Start of Record excerpts
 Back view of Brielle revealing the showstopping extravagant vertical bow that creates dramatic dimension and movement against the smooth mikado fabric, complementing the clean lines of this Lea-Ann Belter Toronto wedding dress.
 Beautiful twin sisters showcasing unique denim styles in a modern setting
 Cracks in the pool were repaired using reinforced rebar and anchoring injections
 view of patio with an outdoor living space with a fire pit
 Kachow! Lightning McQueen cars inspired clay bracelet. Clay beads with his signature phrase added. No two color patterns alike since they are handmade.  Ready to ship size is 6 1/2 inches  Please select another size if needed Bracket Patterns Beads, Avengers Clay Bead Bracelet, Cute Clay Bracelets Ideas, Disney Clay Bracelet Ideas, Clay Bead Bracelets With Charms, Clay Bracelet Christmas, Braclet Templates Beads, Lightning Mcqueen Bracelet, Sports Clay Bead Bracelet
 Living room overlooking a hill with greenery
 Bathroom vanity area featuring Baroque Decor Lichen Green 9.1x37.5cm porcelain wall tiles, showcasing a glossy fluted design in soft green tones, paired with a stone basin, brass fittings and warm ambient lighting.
End of Record excerpts
#### Exercise details:
Search the records above for the string "view". Report each line that has it.

#### Result below:
 Back view of Brielle revealing the showstopping extravagant vertical bow that creates dramatic dimension and movement against the smooth mikado fabric, complementing the clean lines of this Lea-Ann Belter Toronto wedding dress.
 view of patio with an outdoor living space with a fire pit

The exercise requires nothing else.